The knee is able is able to bend and straighten and slightly rotate. The quadriceps muscles are at the front of the knee, and the hamstrings are behind. Ligaments hold the joint together.
Some common knee injuries include:
The meniscus is the cartilage in the knee between the femur and tibia. It is generally injured with twisting injuries where the foot is grounded. Symptoms include pain on one or both sides of the knee, occasional jarring of the knee and pain along the joint line. Mobility will often feel restricted and swelling may be present.
Physiotherapy management includes the use of ice to control inflammation, techniques to restore movement of the knee, ultrasound, and exercises to increase strength and stability. Strapping tape may also be used to offload the menisci, lower pain and provide stability.
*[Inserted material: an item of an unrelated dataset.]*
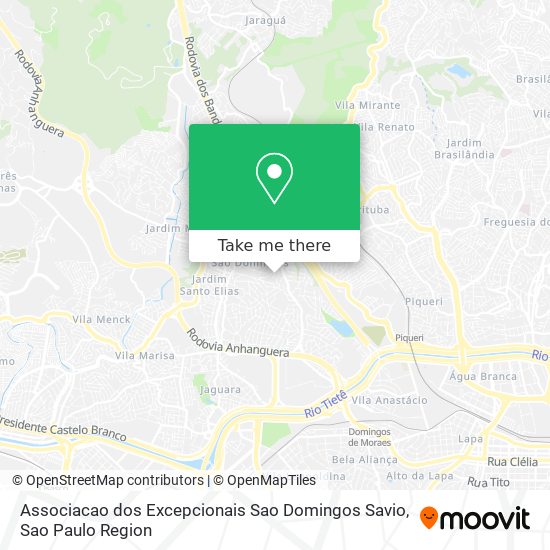 Associacao dos Excepcionais Sao Domingos Savio map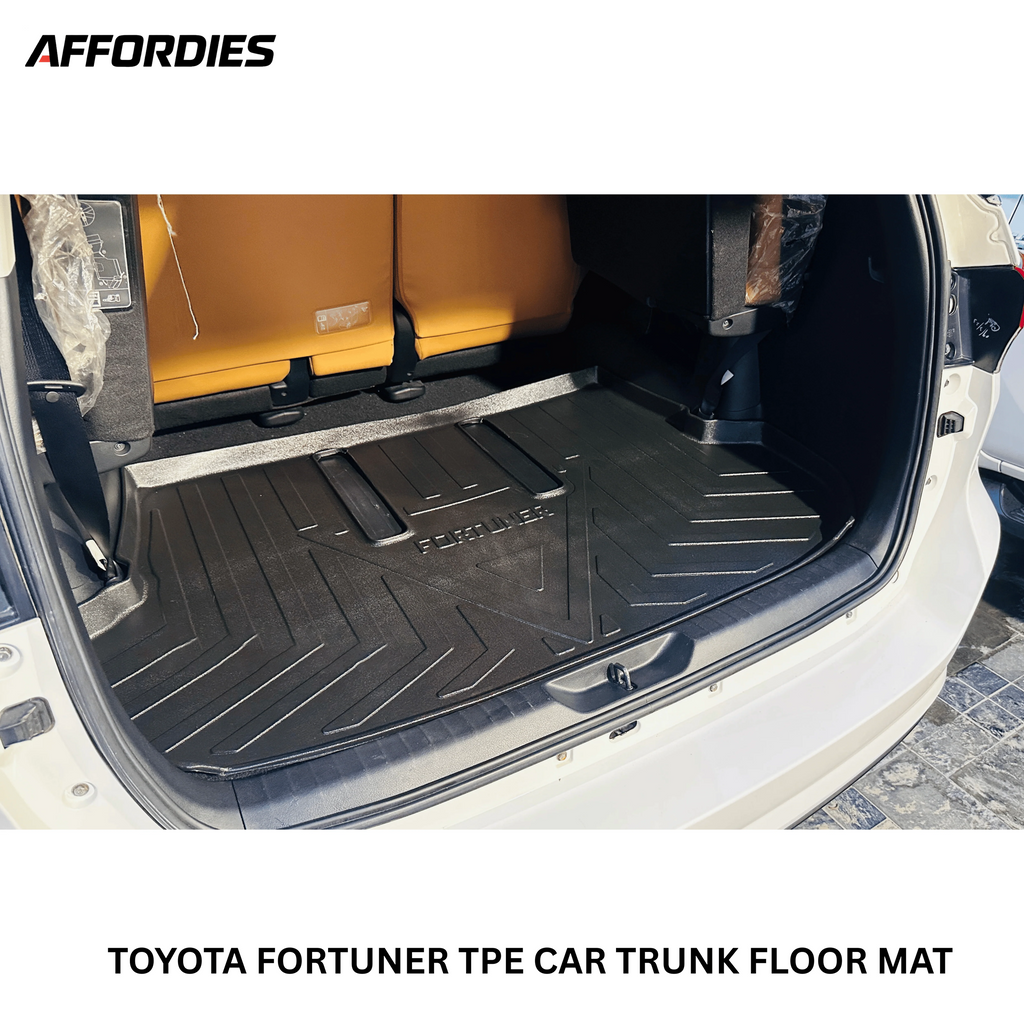Toyota Fortuner 2014–2022 9D TPE Trunk Mat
In more severe cases, meniscal tears may require surgery.
Patellofemoral Joint Syndrome (PFJS)
Pain surrounding the patella (knee cap) can be caused by an uneven pull of muscles around the knee. This causes the patella to track towards one side (usually the outside of the knee) and creates friction behind the patella. Long term, this can lead to premature degeneration. Pain is often brought on by running, squatting and descending stairs.
Physiotherapy treatment targets correcting the muscle imbalance and includes; taping to realign the patella, massage to release tight muscles, a structured exercise programme to strengthen weak muscles and graduated return to activity. Great results are often seen for Patellofemoral pain with early physiotherapy intervention.
ITB Friction Syndrome
The iliotibial band (ITB) is the muscle running down the outer side of the thigh, attaching to the outside of the knee. Sometimes, this muscle band becomes overactive and tight, causing pain over the outer side of the knee. It is often brought on by running and cycling.
Management will typically include deep massage techniques to release tight muscles, strengthening exercises for weak muscles, acupuncture, ultrasound, taping techniques (including Kinesio Tape), advice concerning activity modification and a graduated return to exercise. Biomechanical issues must also be looked in to.
Cruciate Ligament Injuries
These ligaments are found inside the knee joint. They cross each other to form an “X” with the anterior cruciate ligament (ACL) at the front and the posterior cruciate ligament (PCL) at the rear. The cruciate ligaments have a critical role in stabilising the knee joint.
The most common of the cruciate ligaments to be injured, often due to a sporting injury, is the ACL. ACL tears can also occur following motor vehicle accidents, falls, and work-related injuries. Generally, ACL tears occur when pivoting or landing. The knee usually collapses when the ACL is torn.
Symptoms include pain and swelling, a feeling of “instability”, collapsing of the knee and pain with walking and sport.
An ACL injury can range from a minor sprain to a full tear. In the case of a full tear, surgery is usually required.
Physiotherapy management involves restoration of mobility of the knee, techniques to manage pain and swelling, strapping or bracing, strengthening and stability exercises and a graduated return to activity.
Collateral Ligament Injuries
These ligaments are found on either side of the knee. The medial or “inside” collateral ligament (MCL) connects the femur to the tibia. The lateral or “outside” collateral ligament (LCL) connects the femur to the fibula. The collateral ligaments control the sideways movement of your knee.
Injuries to the collateral ligaments are generally caused by a force that pushes the knee sideways.
Assessment will include specific tests to determine the structures involved and the degree of injury. Physiotherapy management will usually involve ultrasound, taping techniques to assist the knee while it heals, and exercises to return function and strength. Techniques to reduce the formation of scar tissue in the injured ligament and to prevent recurrence of the injury will also be used.
Seeing a Physiotherapist sooner rather then later will produce greater results in a shorter period of time. If you feel any pain at all make sure to seek professional advice.